PROVIDED RECORDS>
---

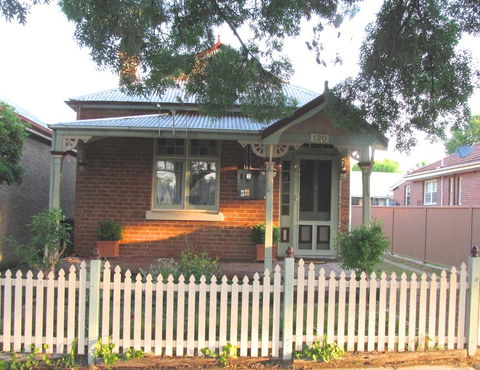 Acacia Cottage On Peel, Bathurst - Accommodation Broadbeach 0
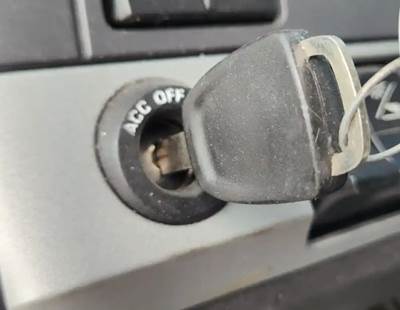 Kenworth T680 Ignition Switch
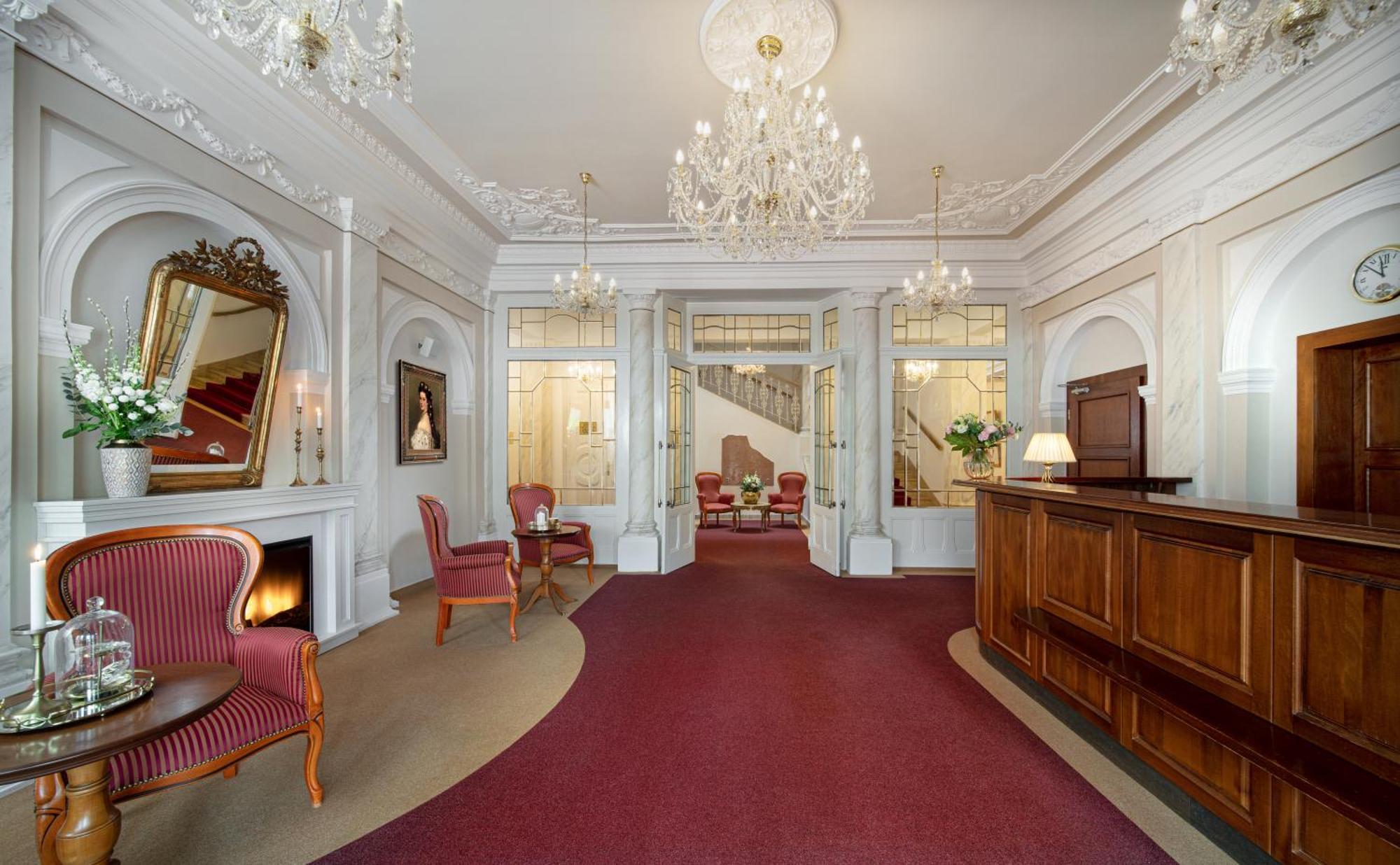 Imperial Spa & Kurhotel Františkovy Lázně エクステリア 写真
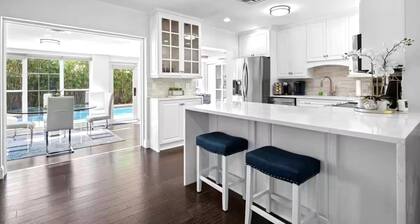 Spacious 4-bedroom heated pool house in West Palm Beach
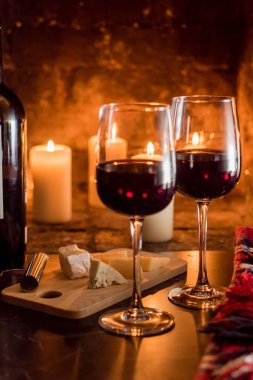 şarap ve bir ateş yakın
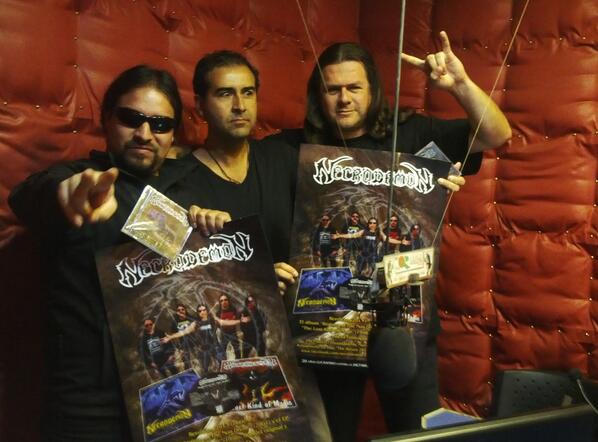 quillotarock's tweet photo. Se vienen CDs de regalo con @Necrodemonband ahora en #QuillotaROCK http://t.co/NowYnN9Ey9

---

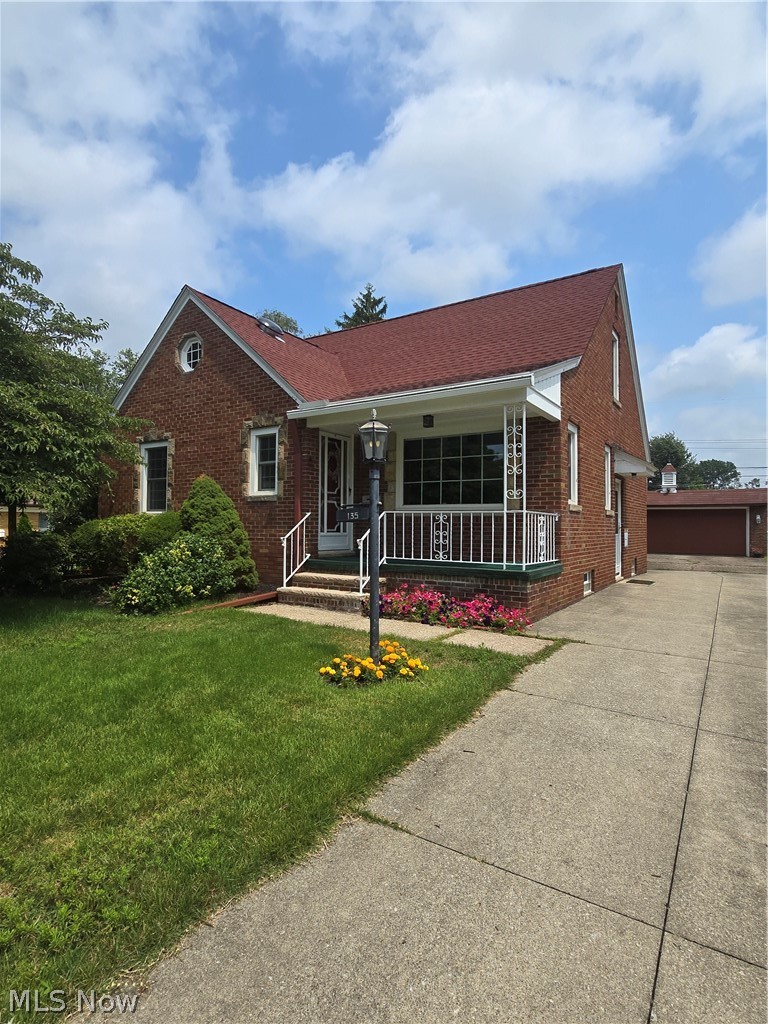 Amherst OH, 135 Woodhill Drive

---

WHAT IS EXPECTED> Print from the line containing "Spacious 4-bedroom heated" through the line containing "quillotarock's tweet photo." in the data above, exactly as the lines stand, and omit every picture.

ANSWER AREA>
 Spacious 4-bedroom heated pool house in West Palm Beach
 şarap ve bir ateş yakın
 quillotarock's tweet photo. Se vienen CDs de regalo con @Necrodemonband ahora en #QuillotaROCK http://t.co/NowYnN9Ey9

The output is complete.